Durant cette phase de son travail, le peintre a des tons roux, presque monochromes, qui transmettent un mystérieux sentiment de boisé. L’art de Rollier se résume alors en un dessin broussailleux, griffé par places et lacéré. Puis, moins circulaire, la composition prend un rythme elliptique. La couleur devient plus sanguine (Foyer roux, 1956. Prajna, 1957. Pluie, 1960. Les très saintes émanations, 1962. Lithographie sur fond rouge, 1964. Affiche pour « L’Art suisse au XXe siècle », Exposition nationale, Lausanne, 1964).
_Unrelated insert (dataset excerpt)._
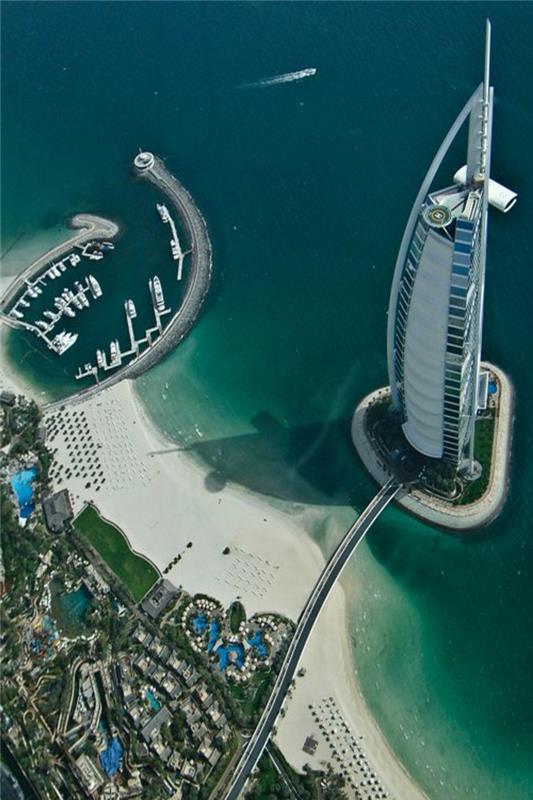 2-de-högsta-skyskraporna-i-världen-burj-al-arab-dubai-havet-skyskrapor-höga-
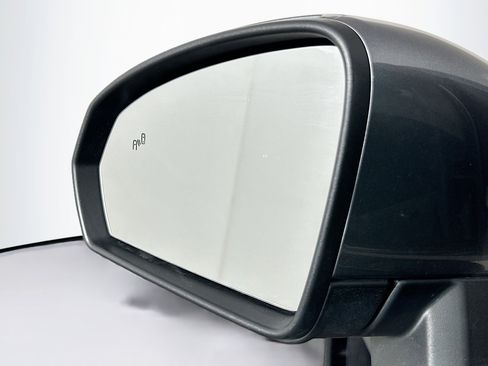 Used 2024 Volkswagen Taos SE image 16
Quatrième et dernière période : 1965 - mai 1968

Rollier lui donnait le nom de « dévoilement de Mâyâ ». C’est la phase majeure interrompue par la mort subite de l’artiste. Visuellement, le peintre y a tracé un hymne à la glorification de la femme. Nos yeux sont pris dans les rondeurs extatiques et contorsionnées de son corps parfois renversé dans un tournoiement sans fin, qui suggère la rotation des sphères célestes. C’est la plus belle palette de Rollier, fine, sonore, fraîche. Sur une préparation préalable qui recouvre la toile, la couleur est donnée en houles de bleus délicats, de blondeurs rosées et orangées, parfois dans une lumière post-impressionniste. Rollier trouve le vert et rose « trop sucré. C’est dangereux », écrit-il dans ses notes. Mais, bientôt, il rejoint l’harmonie bleue et mordorée, voisine de la peinture indienne. Le dessin supérieurement rythmé, dansant en volutes sphériques, déroule un ondoiements de formes qui entraînent notre vision dans un tourbillon d’évocations féminines (Erotisme bleu, 1967. Le Phénix, 1967. Les femmes arborescentes, 1968. Voile de Mâyâ, 1968).

Texte tiré du livre de Pierre Courthion « Ch. Rollier », éd. Ides et Calendes, Neuchâtel, 1969, p. 14.